A puff of wind clears away the sulphurous veil for a moment; the sea is clear of ships towards the land; the Spanish fleet are moving again up Channel, Medina bringing up the rear; only some two miles to their right hand, the vast hull of the "San Philip" is drifting up the shore with the tide, and somewhat nearer the "San Matthew" is hard at work at her pumps. They can see the white stream of water pouring down her side.

"Go in, my Lord, and have the pair," shouts Amyas.

"No, sir! Forward is a Seymour's cry. We will leave them to pay the Flushingers' expenses," and on went Lord Henry, and, on shore went the "San Philip" at Ostend, to be plundered by the Flushingers; while the "San Matthew," whose captain, "on a hault courage," had refused to save himself and his gentlemen on board Medina's ship, went blundering miserably into the hungry mouths of Captain Peter Vanderduess and four other valiant Dutchmen, who, like prudent men of Holland, contrived to keep the galleon afloat till they had emptied her, and then "hung up her banner in the great church of Leyden, being of such a length, that being fastened to the roof, it reached unto the very ground.'

But in the mean while, long ere the sun had set, comes down the darkness of the thunderstorm, attracted, as to a volcano's mouth, to that vast mass of sulphur smoke which cloaks the sea for many a mile; and heaven's artillery above makes answer to man's below. But still through smoke and rain, Amyas clings to his prey. She too has seen the northward movement of the Spanish fleet, and sets her topsails; Amyas calls to the men to fire high and cripple her rigging, but in vain, for three or four belated galleys, having forced

their way at last over the shallows, come flashing and sputtering up to the combatants, and take his fire off the galleon. Amyas grinds his teeth, and would fain hustle into the thick of the press once more, in spite of the galleys' beaks.

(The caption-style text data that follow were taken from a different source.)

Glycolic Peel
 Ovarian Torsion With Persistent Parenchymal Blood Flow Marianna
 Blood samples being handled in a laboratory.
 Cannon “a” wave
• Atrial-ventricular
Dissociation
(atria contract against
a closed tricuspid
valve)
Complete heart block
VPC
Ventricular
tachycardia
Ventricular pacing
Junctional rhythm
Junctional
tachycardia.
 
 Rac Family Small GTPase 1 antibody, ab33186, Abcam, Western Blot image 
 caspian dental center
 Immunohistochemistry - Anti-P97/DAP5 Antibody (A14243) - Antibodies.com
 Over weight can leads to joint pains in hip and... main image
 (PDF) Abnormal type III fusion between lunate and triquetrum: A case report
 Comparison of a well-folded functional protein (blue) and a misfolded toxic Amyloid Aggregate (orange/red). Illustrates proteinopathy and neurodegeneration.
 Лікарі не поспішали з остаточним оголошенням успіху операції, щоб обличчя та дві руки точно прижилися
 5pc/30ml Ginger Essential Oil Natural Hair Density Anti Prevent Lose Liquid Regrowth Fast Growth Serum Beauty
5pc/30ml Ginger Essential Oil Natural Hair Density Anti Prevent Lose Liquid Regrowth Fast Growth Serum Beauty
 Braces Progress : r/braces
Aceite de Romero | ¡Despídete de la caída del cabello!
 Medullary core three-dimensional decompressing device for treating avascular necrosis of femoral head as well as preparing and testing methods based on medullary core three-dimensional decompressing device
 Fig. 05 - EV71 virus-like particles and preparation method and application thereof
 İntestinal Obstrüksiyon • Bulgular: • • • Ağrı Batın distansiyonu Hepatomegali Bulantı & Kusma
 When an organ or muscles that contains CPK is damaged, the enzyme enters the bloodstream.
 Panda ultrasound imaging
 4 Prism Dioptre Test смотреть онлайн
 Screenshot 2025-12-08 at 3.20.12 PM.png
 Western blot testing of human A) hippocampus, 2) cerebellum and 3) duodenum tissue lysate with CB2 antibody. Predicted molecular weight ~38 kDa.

"Most heroical captain," says Cary, pulling a long face, "if we do, we are stove and sunk in five minutes; not to mention that Yeo says he has not twenty rounds of great cartridge left."

So, surely and silently, the "Vengeance" sheers off, but keeps as near as she can to the little squadron, all through the night of rain and thunder which follows. Next morning the sun rises on a clear sky, with a strong west-northwest breeze, and all hearts are asking what the day will bring forth.

They are long past Dunkirk now; the German Ocean is opening before them. The Spaniards, sorely battered, and lessened in numbers, have, during the night, regained some sort of order. The English hang on their skirts a mile or two behind. They have no ammunition, and must wait for more. To Amyas' great disgust, the "Sta. Catharina" has rejoined her fellows during the night.

“Never mind,” says Cary; "she can neither dive nor fly, and as long as she is above water, we What is the Admiral about?"

He is signaling Lord Henry Seymour and his squadron. Soon they tack, and come down the wind for the coast of Flanders. Parma must be blockaded still; and the Hollanders are likely to be too busy with their plunder to do it effectually. Suddenly there is a stir in the Spanish fleet. Medina and the rearmost ships turn upon the English. What can it mean? Will they offer battle once more? If so, it were best to get out of their way, for we have nothing wherewith to fight them. So the English lie close to the wind. They will let them pass, and return to their old tactic of following and harassing.

"Good-by to Seymour," says Cary, "if he is caught between them and Parma's flotilla. They are going to Dunkirk." "Impossible! They will not have water enough to reach his light craft. Here comes a big ship right upon us! Give him all you have left, lads; and if he will fight us, lay him alongside, and die boarding.”

They gave him what they had, and hulled him with every shot; but his huge side stood silent as the grave. He had not wherewithal to return the compliment.